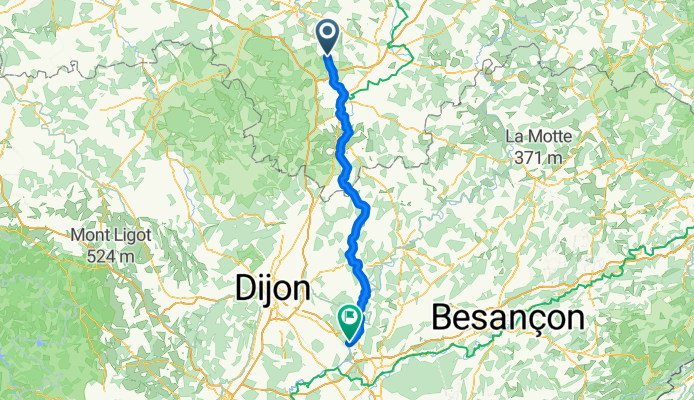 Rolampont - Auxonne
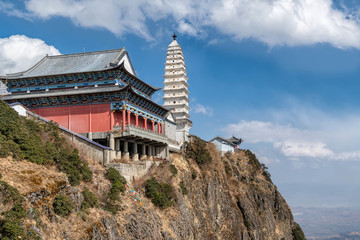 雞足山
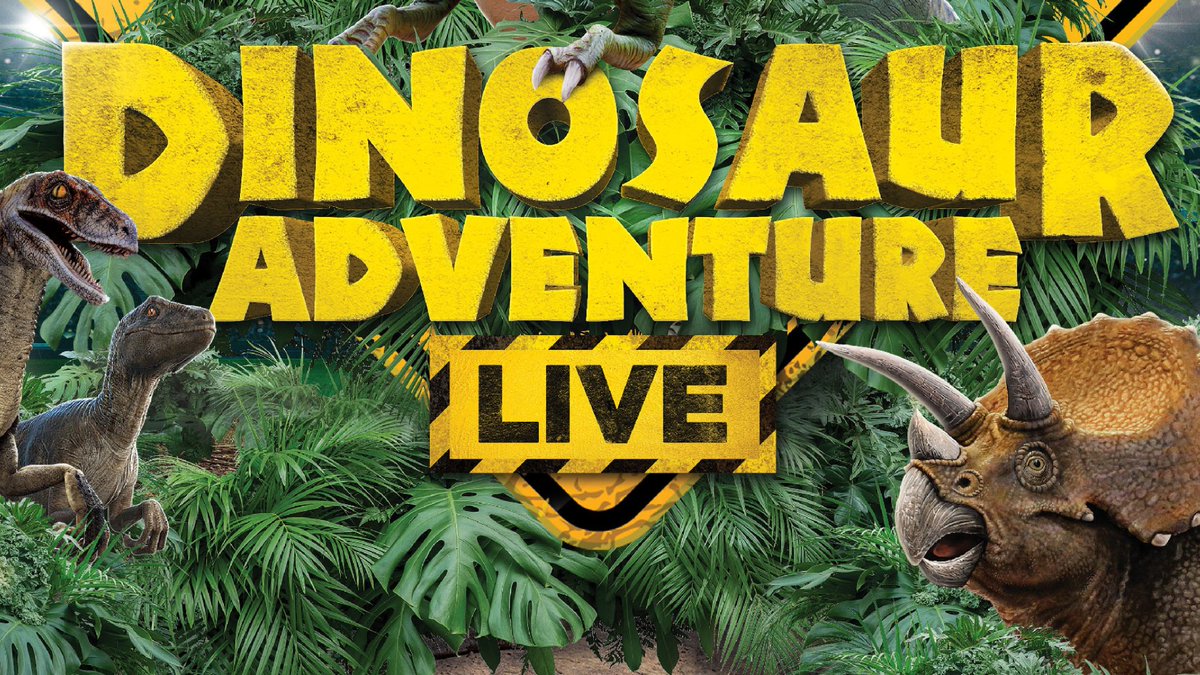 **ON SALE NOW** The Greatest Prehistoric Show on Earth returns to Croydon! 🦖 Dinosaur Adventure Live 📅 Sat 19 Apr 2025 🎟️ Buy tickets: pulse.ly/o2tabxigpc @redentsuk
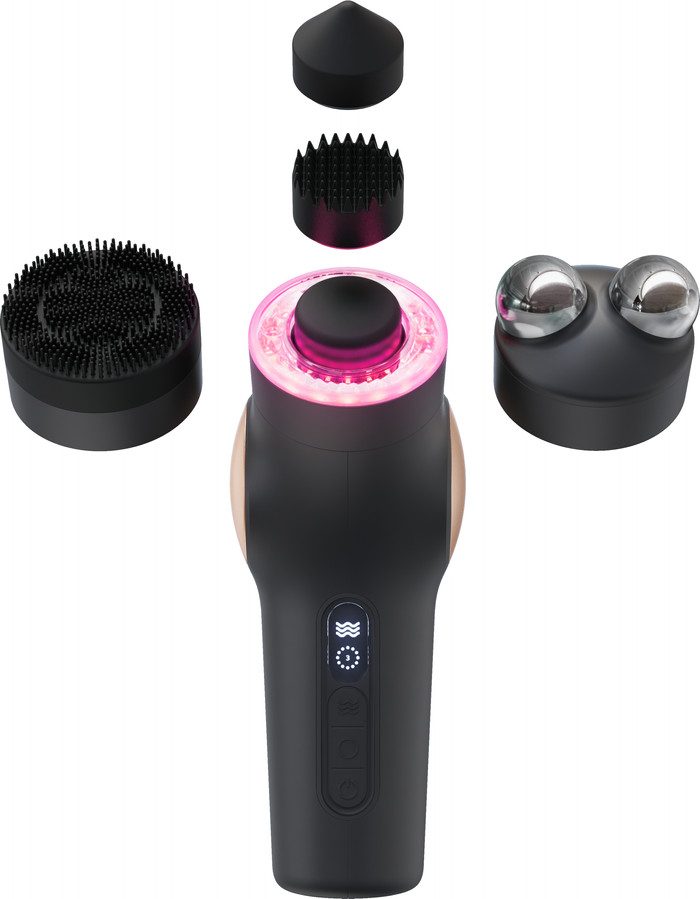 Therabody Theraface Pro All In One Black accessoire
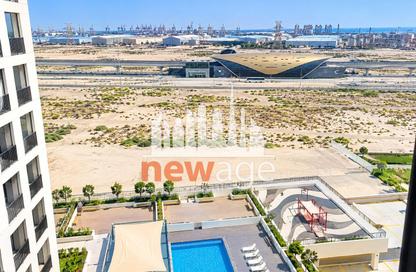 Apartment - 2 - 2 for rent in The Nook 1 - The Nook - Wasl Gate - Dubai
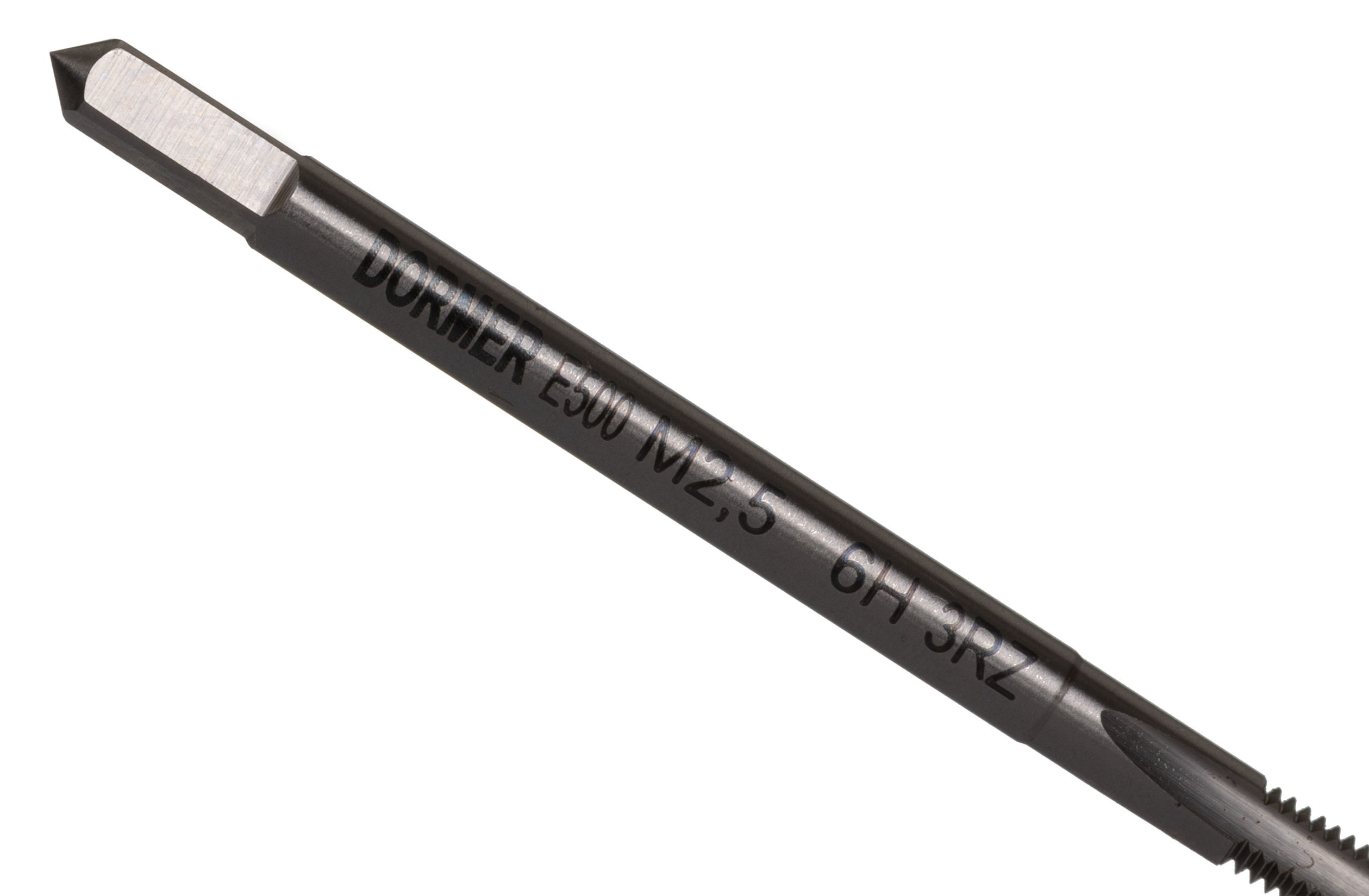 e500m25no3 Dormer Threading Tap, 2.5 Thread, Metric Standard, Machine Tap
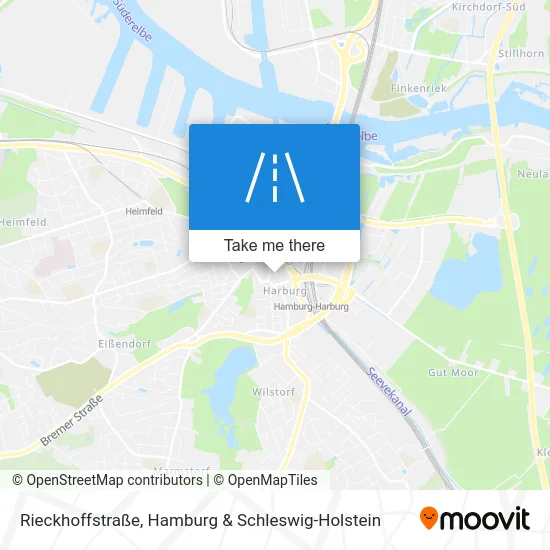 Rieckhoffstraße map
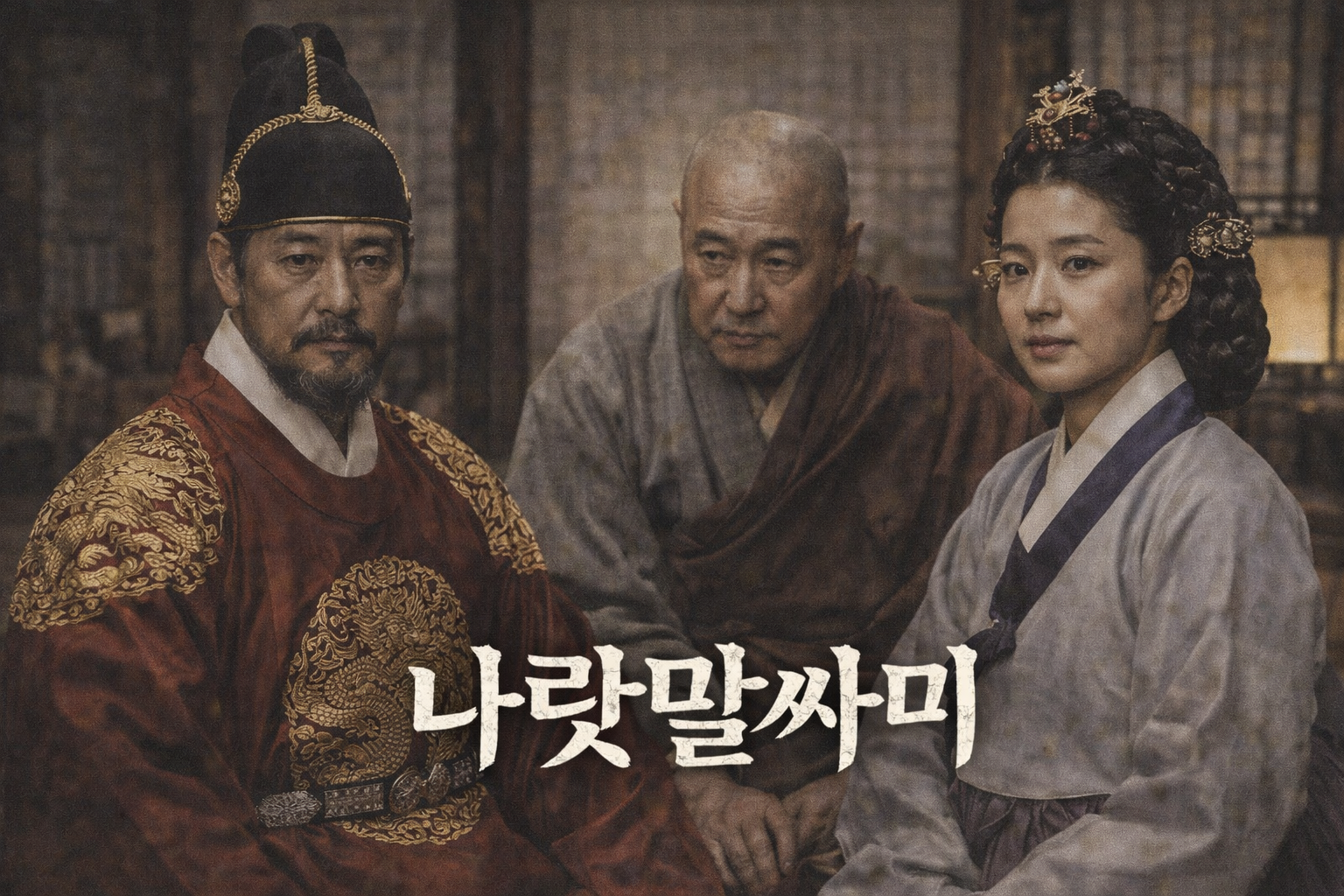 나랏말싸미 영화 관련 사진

***

(TASK INSTRUCTIONS) Take the lines from the one that contains "Apartment - 2" down to the last line of the listing above, both included, and set them down exactly, leaving out pictures.

(ANSWER TO THIS PROBLEM)
 Apartment - 2 - 2 for rent in The Nook 1 - The Nook - Wasl Gate - Dubai
 e500m25no3 Dormer Threading Tap, 2.5 Thread, Metric Standard, Machine Tap
 Rieckhoffstraße map
 나랏말싸미 영화 관련 사진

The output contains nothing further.